Mihir Bose tells the little-known story of the Indian secret agent codenamed ‘Silver’ who served both the Axis and the Allied forces during the Second World War.

Bhagat ram Talwar, known as Silver, in Afghan dress in the streets of Kabul during the 1940s. On the morning of March 12th, 1943 in Bletchley, Buckinghamshire, the wartime centre of British intelligence, officials of the Secret Intelligence Service (SIS), MI5 and IPI (the Indian Political Intelligence) met to discuss an issue which had important consequences for a remarkable spy.

No documents regarding this meeting have ever been released by the British, but Soviet archives have a top secret summary of the meeting. Entitled ‘Report of the Soviet Agent to the Governing Body of British Intelligence’, it reads:

The most serious fact in our situation is that Bose is on the way to Japan in the German submarine. They suppose if he gets to Japan he’ll be able to contact his own Indian party, Forward BLOC, and first of all he’ll find out that the colossal organisation of Bhagat Ram doesn’t exist, the whole thing is a pure blackmail. The Admiralty wants to withdraw him when the Japanese boat takes him from the submarine. It’s a very good plan, especially if it comes into being because Bhagat Ram’s organisation will be safe and the Germans will be able to boss the latter without Bose.

The Bose referred to was Subhas Chandra Bose, the Indian nationalist who had fled to Germany in 1941 and was now on his way back east. Much has been written about him. But very little has been written about the other character mentioned, Bhagat Ram Talwar (his full name), not helped by the fact, that when Bhagat Ram wrote his autobiography in the 1970s, he continued his wartime habit of disguising the truth. But, now that secret documents on him are available, it is becoming apparent that he was one of the most extraordinary spies of the Second World War.

Nicknamed ‘Silver’ by the British, he started working for the Italians, switched to the Germans, the Russians and finally the British. The Nazis had been so impressed they awarded him the Iron Cross, Germany’s highest military decoration. Yet from late 1942 he was controlled from Delhi by Peter Fleming, the brother of James Bond creator Ian Fleming and head of D Division, responsible for covert actions. He was impressed by Silver’s ruthlessness. Once, with Fleming in Delhi, Silver was seen by an Afghan he had met in Kabul. Fleming, worried the Afghan would unmask his agent, suggested Silver should not return to Kabul. But Silver would not hear of it. For five months nothing was heard from him. Then suddenly Silver returned and told Fleming of a dinner he had had with the Afghan. Silver took with him chopped-up tiger’s whiskers, which are extremely poisonous. During the course of the evening, he slipped them into the curry, ensuring that only he lived to tell the tale.
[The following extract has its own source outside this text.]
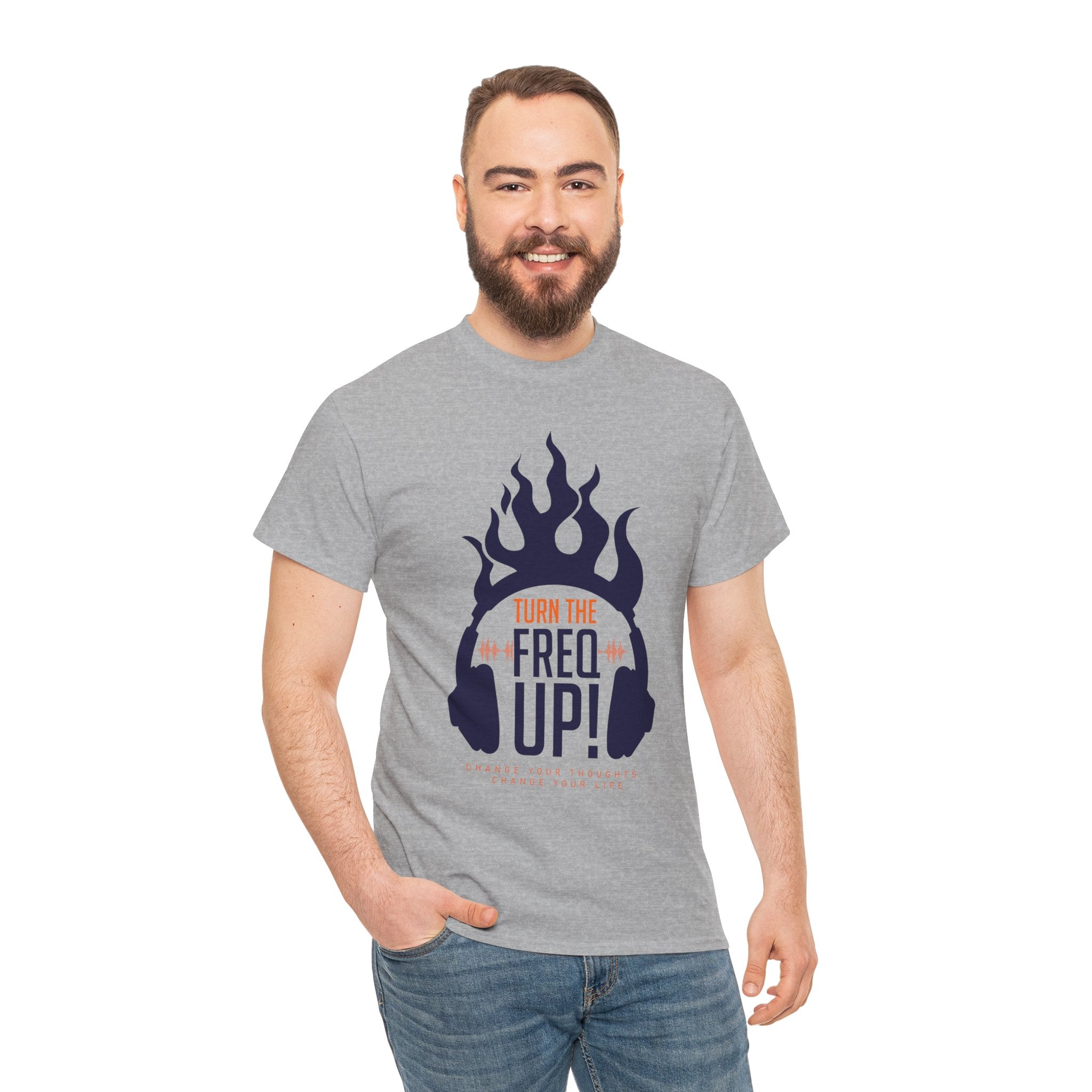 Turn The Freq Up, Unisex Heavy Cotton Tee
Fleming operated a small network of secret agents, many of them double agents originally hired by the Japanese or the Germans and still paid by them but who, at Fleming’s behest, were feeding these countries false information. Silver was the best of them.

Also known as Rehmat Khan, suggesting he was a Muslim, Silver was in fact a Hindu from the North-West Frontier Province. Like many Indians of his generation, he wanted a free India and had particular reason to hate the British as they had hanged his brother for anti-British activities. But he was also a member of the region’s Communist party, the Kirti Kisan.

Silver became a spy by accident when, in the winter of 1940, his party bosses asked him to help Subhas Bose escape from India via Afghanistan. When Bose left for the Soviet Union on an Italian passport, he asked Silver to act as his agent with the Italians.

Silver’s first spymaster was the Italian diplomat in Kabul, Pietro Quaroni, who gave him money and asked him to bring back colleagues to be trained in sabotage against the British in India. Silver and his fellow Communists in Lahore, capital of the Punjab, debated whether they should work with Bose who, having failed to get Stalin’s assistance, had ended up in Berlin. There he was funded by the Special India Department of the German Foreign Office, working with the anti-Nazi Adam von Trott, who was later hanged following the Stauffenberg bomb plot of July 1944. But Silver’s Communist colleagues liked the Italian money and, with the Nazi-Soviet Pact still in existence, they decided Silver should carry on being Bose’s man.

Silver returned to Kabul in May 1941 and Quaroni taught one of Silver’s friends, a follower of Bose called Santimoy Ganguly, how to apply dynamite sticks with a fuse for blowing up bridges, railway stations and buildings, in particular the great Attock Bridge, which spanned the Indus and guarded the frontier to British India. The Italians housed them in a private home and gave Silver 20,000 Afghan rupees (£1,000).

By this time the Germans had sent Carl Rudolf Rasmuss, a former German trade commissioner in Calcutta, to Kabul. Rasmuss gave Silver 5,000 Afghan rupees. Silver arrived in Lahore from Kabul on June 21st, the day Germany invaded the Soviet Union. For Communists this meant an imperialist war had become a people’s war. Silver should have ditched Bose now but he and his colleagues again saw a chance to make money and so decided to feed false information to the Axis powers.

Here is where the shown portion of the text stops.